I spent some time last week to read up all these axioms again and to be honest, I don't fully grasp most of them. Maybe due to the extreme lack of exercises in the (only) textbook that I bought. Or that there are so many complicated "consequences" of this Axiom (of Choice), like Zorn's Lemma, Hausdorff's Maximal Principle.

Do you have any good books on Set Theory? Because without sufficient exercises, I will (still) find it hard to grasp these concepts. Same goes for any books that teach The Completeness Axiom, because I don't think wikipedia paints a good picture for newbies to understand it, nor can I find any good YouTube videos for it, and most of the other explanations that I can find appears very handwavy.

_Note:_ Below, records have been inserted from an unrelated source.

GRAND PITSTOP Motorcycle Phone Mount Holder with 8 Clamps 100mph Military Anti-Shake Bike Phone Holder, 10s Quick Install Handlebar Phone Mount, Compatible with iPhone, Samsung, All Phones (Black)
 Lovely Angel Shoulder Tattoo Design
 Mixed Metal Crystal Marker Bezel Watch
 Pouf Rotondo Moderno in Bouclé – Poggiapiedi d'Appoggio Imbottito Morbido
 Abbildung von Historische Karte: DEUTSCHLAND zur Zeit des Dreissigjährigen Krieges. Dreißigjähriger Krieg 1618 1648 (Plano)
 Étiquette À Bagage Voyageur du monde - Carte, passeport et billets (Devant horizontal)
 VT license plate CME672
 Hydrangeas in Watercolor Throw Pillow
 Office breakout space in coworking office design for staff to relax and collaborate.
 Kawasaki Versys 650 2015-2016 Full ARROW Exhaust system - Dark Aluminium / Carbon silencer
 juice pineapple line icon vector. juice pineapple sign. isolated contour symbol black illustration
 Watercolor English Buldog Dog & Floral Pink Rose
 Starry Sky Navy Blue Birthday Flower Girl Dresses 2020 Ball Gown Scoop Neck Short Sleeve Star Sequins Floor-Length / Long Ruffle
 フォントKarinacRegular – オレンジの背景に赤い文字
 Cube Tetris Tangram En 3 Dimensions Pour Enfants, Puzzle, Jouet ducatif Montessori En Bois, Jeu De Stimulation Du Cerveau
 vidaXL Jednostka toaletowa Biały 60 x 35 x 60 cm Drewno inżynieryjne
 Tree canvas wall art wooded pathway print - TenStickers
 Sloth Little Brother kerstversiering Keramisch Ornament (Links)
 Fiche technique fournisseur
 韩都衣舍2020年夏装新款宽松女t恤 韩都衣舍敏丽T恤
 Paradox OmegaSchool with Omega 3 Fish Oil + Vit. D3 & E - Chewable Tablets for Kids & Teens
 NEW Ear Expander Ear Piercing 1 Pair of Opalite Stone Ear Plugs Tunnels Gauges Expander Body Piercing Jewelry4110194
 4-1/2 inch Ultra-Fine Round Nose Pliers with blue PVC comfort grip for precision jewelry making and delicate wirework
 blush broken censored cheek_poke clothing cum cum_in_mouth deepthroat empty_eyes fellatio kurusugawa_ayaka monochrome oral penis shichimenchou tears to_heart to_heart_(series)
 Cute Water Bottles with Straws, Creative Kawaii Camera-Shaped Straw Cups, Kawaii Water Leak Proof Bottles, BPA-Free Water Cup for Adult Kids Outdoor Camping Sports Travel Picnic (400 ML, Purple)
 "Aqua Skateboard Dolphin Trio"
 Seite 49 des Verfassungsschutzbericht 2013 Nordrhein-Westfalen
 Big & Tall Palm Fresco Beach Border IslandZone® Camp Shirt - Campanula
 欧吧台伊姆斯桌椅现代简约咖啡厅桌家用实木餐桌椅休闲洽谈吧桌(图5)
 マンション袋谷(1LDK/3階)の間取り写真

Pi Han Goh - 5 years, 3 months ago

@Pi Han Goh – The classic text is P.R. Halmos' "Naïve Set Theory", but it is pretty tough-going.

Mark Hennings - 5 years, 3 months ago

@Mark Hennings – Oh I bookmarked this and I forgot to reply.

Are you referring to this one? Okay! ordered!

Pretty tough-going? Even for you? Well, I guess I can only master this topic in the next decade.

Thanks for the dialog!

Pi Han Goh - 5 years, 3 months ago

@Pi Han Goh – That's the one. It should get you started.

Mark Hennings - 5 years, 3 months ago

@Mark Hennings – Thank you! You're really really helpful!!

Pi Han Goh - 5 years, 3 months ago

I am aware of more elegant proofs for this than the one that follows.

However, I find this version to be easier to grasp for people struggling with the concept.

1) $\frac{1}{3} = 0.333... = 0.\overline{3}$

2) $3 \times \frac{1}{3} = 3 \times 0.333... = 0.999... = 0.\overline{9}$

However,

3) $3 \times \frac{1}{3} = \frac{3}{3} = 1$

From 2) we get: 4) $3 \times \frac{1}{3} = 0.\overline{9}$

From 3) we get: 5) $3 \times \frac{1}{3} = 1$

If we combine 4) and 5) we get: 6) $1 = 3 \times \frac{1}{3} = 0.\overline{9}$

And finally, 6) reduces down to: 7) $1 = 0.\overline{9}$

The more elegant proofs are... well... more elegant in the way that they convey the general pattern going on beneath the surface that can then be abstracted to other scenarios, such as the ever-popular $0.\overline{12}$ . However, those can be hard for people to grasp.

I find that the $3 \times \frac{1}{3}$ proof is easier for most people to grasp, in that it opens the door enough for them to realize that there's something really weird going on here.

Which is important. Because, and let's be honest about this, this $1 = 0.\overline{9}$ business is really freaking weird. Anything that helps crack the door open to let in the light is a good thing, in my book. :)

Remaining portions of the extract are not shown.